バイブル・エッセイ(341)暗闇に身を置く


暗闇に身を置く
 週の初めの日、朝早く、まだ暗いうちに、マグダラのマリアは墓に行った。そして、墓から石が取りのけてあるのを見た。そこで、シモン・ペトロのところへ、また、イエスが愛しておられたもう一人の弟子のところへ走って行って彼らに告げた。「主が墓から取り去られました。どこに置かれているのか、わたしたちには分かりません。」そこで、ペトロとそのもう一人の弟子は、外に出て墓へ行った。二人は一緒に走ったが、もう一人の弟子の方が、ペトロより速く走って、先に墓に着いた。身をかがめて中をのぞくと、亜麻布が置いてあった。しかし、彼は中には入らなかった。続いて、シモン・ペトロも着いた。彼は墓に入り、亜麻布が置いてあるのを見た。イエスの頭を包んでいた覆いは、亜麻布と同じ所には置いてなく、離れた所に丸めてあった。それから、先に墓に着いたもう一人の弟子も入って来て、見て、信じた。イエスは必ず死者の中から復活されることになっているという聖書の言葉を、二人はまだ理解していなかったのである。(ヨハネ20:1-9)
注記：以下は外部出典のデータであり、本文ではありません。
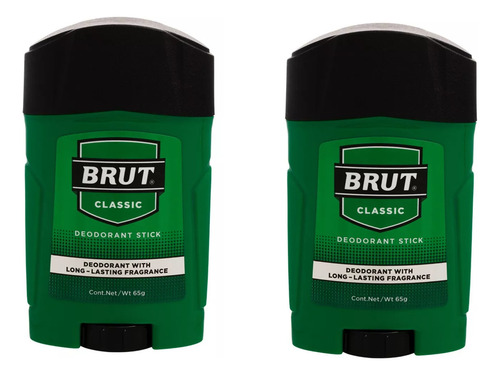 Brut Classic Stick Desodorante 2 Piezas Caballero 65g Fragancia Lavanda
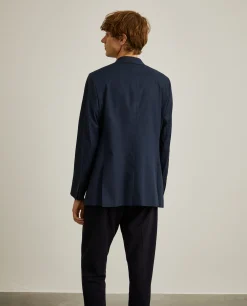 Blazer slim fit em algodão e lã|LION OF PORCHES Online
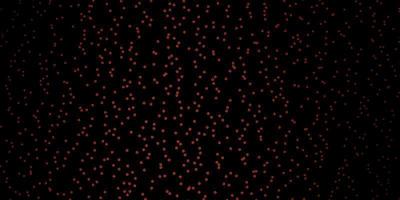 Dark Red vector texture with beautiful stars.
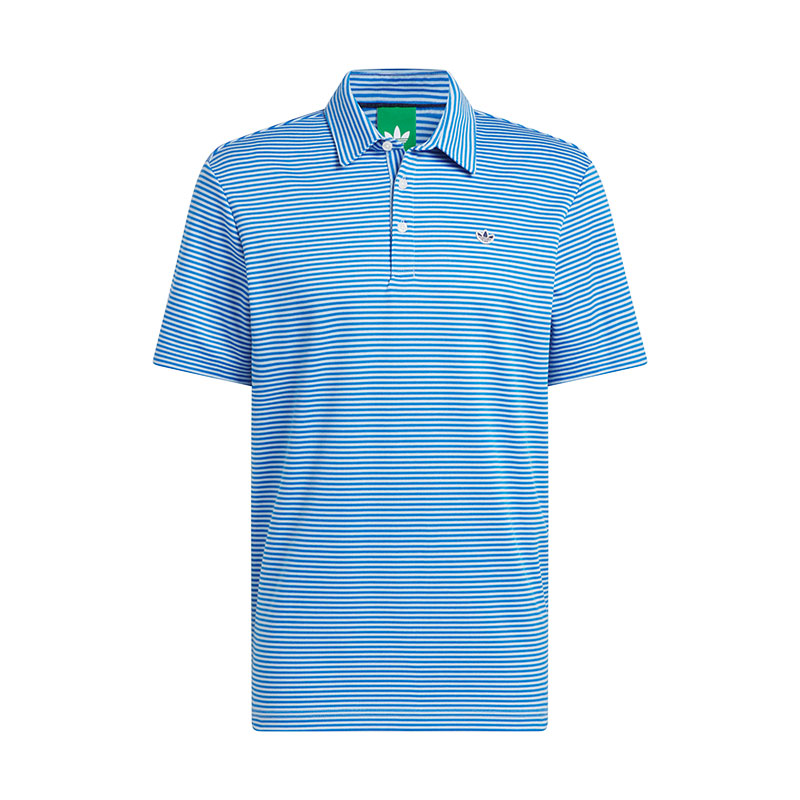ADIDAS Originals Stripe Men's Pique Polo (Clear Sky)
 シモン・ペトロと、イエスが愛しておられた弟子、ヨハネがイエスの墓まで走ってきました。ヨハネは先に到着しましたが、入り口から「身をかがめて中をのぞいた」だけで、中には入りませんでした。しかし、後から来たペトロは墓の中に入り、そこで何が起こったかを悟ったのです。
 墓の中に入らなかったヨハネの気持ちが、わたしは少しわかる気がします。若いころに聖地を巡礼し、当時の墓の中に入ったことがあるからです。ベタニアにある、ラザロが葬られたと言われている墓です。墓の入り口はいつも閉じられていますが、向かいにあるお店の人にお願いして開けてもらうことができました。中はまるで洞窟、まるで死の世界がそこに口を開いているかのような暗黒が広がっていました。お店の人は入り口を開けると、「ゆっくり見ていきなさい」と言ってお店に戻ってしまいました。1人で墓の中に残されたわたしは、正直怖かったのですが、お店の人がつけてくれた裸電球の灯りをたよりに洞窟の中に入っていくことにしました。始めは真っ暗で何も見えなかったのですが、しばらくすると目がなれてきて足元が見えるようになり、なんとか一番奥にある祭壇にまで辿りつくことができました。
 あのときの怖さは、今でもよく覚えています。ヨハネもきっと、洞窟の中に広がる死そのもののような闇を恐れて中に入るのをためらったのでしょう。ですが、ペトロは恐れずにその暗闇の中に入り、そこに身を置きました。ペトロも暗闇の中で初めはきっと何も見えなかったはずです。ですが、しだいに闇に目が慣れてくると、「イエスの頭を包んでいた覆いが、亜麻布と同じところには置いてなく、離れた所に丸めてある」のに気づきました。どのような状況だったのかよく分からないところもありますが、ペトロはきっと、亜麻布やその布の置かれ方などを見ているうちに、そこでただごとではない何かが起こったことを悟ったのだと思います。エスは、単にどこかに移動されたのではなく、人間の世界を越えた別の世界に移された、復活の命に移されたということを、ペトロは闇の中で悟ったのです。ヨハネも中に入り、闇の中に身をおいたとき「見て、信じ」ました。イエスは、死の闇の中にはおられない。イエスは復活したということを、見て信じたのです。
 闇の中に入ることなく、入り口に立ち止まっている限り、わたしたちは闇を恐れ続けているしかありません。ですが、勇気を出して中に入り、闇に直面するとき、わたしたちはそこに存在するのが死ではなく復活であることに気づくのです。死の闇もそうでしょう。誰かが死んだという現実に直面するのを恐れているなら、わたしたちは墓の前で泣きつづけるしかありません。ですが、勇気をもって死の闇に直面するなら、そこにあるのは実は死ではなく、復活の命であることに気づくことができるのです。何かを失った喪失の闇について、すべて同じことがいえると思います。失われたものにしがみつき、喪失の現実に直面しない限り、わたしたちは泣きつづけるしかありません。ですが、喪失の闇に直面するとき、わたしたちはそこに神の恵みが宿っていることに気づくでしょう。喪失の闇は、実は新しい力、新しい命で満たされた闇なのです。
 暗闇を恐れず、その中に身を置きましょう。はじめは何も見えなかったとしても、やがてその闇を満たす復活の命に気づくことができるはずです。暗闇の中に存在するのは、死ではなく復活なのです。 
※写真…フィリピン、ルソン島北部にあるサガダ村の洞窟。